The essays date from 1976 (“On Trial”) to 2014 (“100 Years of Homeless Veterans”; “It’s a Wonderful Life”). In between are stories about some of Jeff’s heroes: Dorothy (“Don’t call me a saint!”) Day, LACW co-founder, along with Peter Maurin, of the Catholic Worker movement and Sister Megan Rice, the 82-year-old Plowshares activist who penetrated the Y-12 nuclear facility at Oak Ridge, Tenn., and was sentenced to 32 months in federal prison.

There’s a story about the suicide of Jeff’s schizophrenic brother Joe (“Families are weird”: Amen.). There are fresh takes on Gospel passages: the healing of Peter’s mother-in-law (Luke 4:31-37), Jacob’s ladder (Genesis 28:10-20). There are stories of arrests: for “malicious mischief” on the lawn of Pasadena City Hall, for cutting 750 yards of barbed-wire fencing at the Nevada Nuclear Test Site. There are stories of trials, of jail time.

Jeff weighs 140 pounds soaking wet. The top dogs in prison had 20-inch biceps. I’m reminded of Dorothy Day’s response to a reader who implied that the Berrigan Brothers might have been grandstanding in their anti-Vietnam war actions. “You cannot go to jail as a gesture,” she replied. “It is real suffering.” 

Neither is rising in a drafty, unheated house, to make soup for the poor, every morning for 43 years, a gesture. Neither is changing the diapers of the dying. Neither is weighing the conundrum of the homeless man who comes to the soup kitchen before hours and asks to use the bathroom. As Jeff well knows, “Once a homeless person occupies your restroom, even a court order has no power to disrupt the urgency of his sanitary needs” — laundry, personal grooming, and the taking of makeshift showers.  

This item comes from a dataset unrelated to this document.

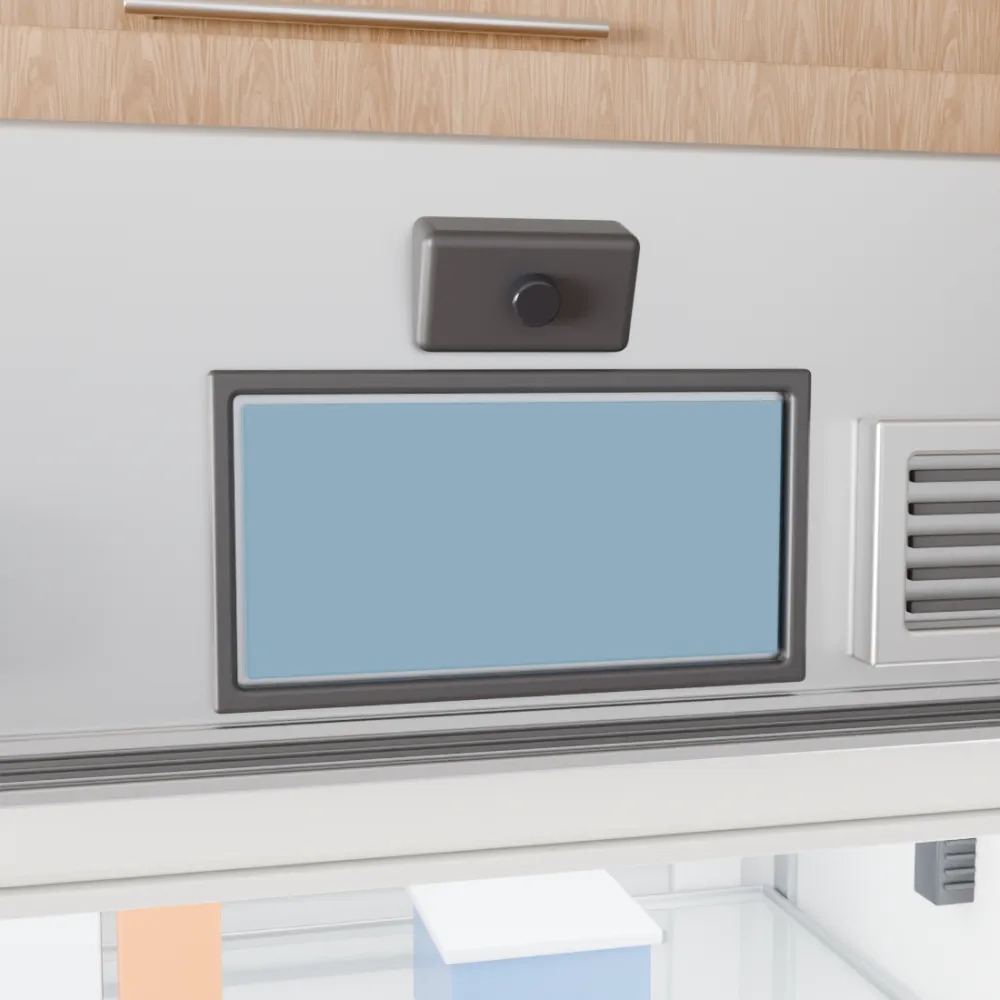 Close-up of the electronics head unit with camera, screen, and speaker grille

Reading these essays, you see Skid Row, you hear Skid Row, you smell Skid Row. You remember that love is not a theory. Love is a face, love is a name: Mama B, Lequan and Clarence; Georgina and her German shepherd Sheba; Wheelchair Bob, an aggressive panhandler Jeff suspects may be faking his injuries — but of course feeds anyway.

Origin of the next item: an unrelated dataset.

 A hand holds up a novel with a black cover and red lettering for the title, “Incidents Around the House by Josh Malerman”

You also remember that to sentimentalize “the poor” is to do them, us, and the nature of reality a gross injustice. Perhaps my favorite story was “The Miracle of Birth in a Skid Row Manger.”

It’s 1986 and in a freshly-scrubbed little room above the soup kitchen — the same room where a man named Freddy had lived and just died of renal failure caused by years of hard drinking — a woman named Rosa lies on a cot preparing to have a baby.

As Rosa labors, a midwife assists. A few community members sit vigil. “Outside on the corner below the street lamp,” Jeff writes, “the hookers kept their nightly vigil as well, displaying their wares and waving to passing traffic. Across the street, in a small park, Shorty and his buddy, Simon, sat warming themselves around a fire made of trash and old newspapers as they passed a ‘short dog’ of Santa Fe port to ward off the evening chill, trying to save a few drops for Rosa’s baby when they got the good news.”

There it all is in one splendid paragraph: the pageant of life, the light and the dark, the Eastern star perpetually rising over more poverty, more paradox, more suffering — and always, more joy. Because even the drunks — maybe especially the drunks — know to raise a toast to a newborn baby. Now that’s Christmas.  

May the Eastern star continue to shine over the L.A. Catholic Worker, and over Jeff Dietrich’s stellar, important book.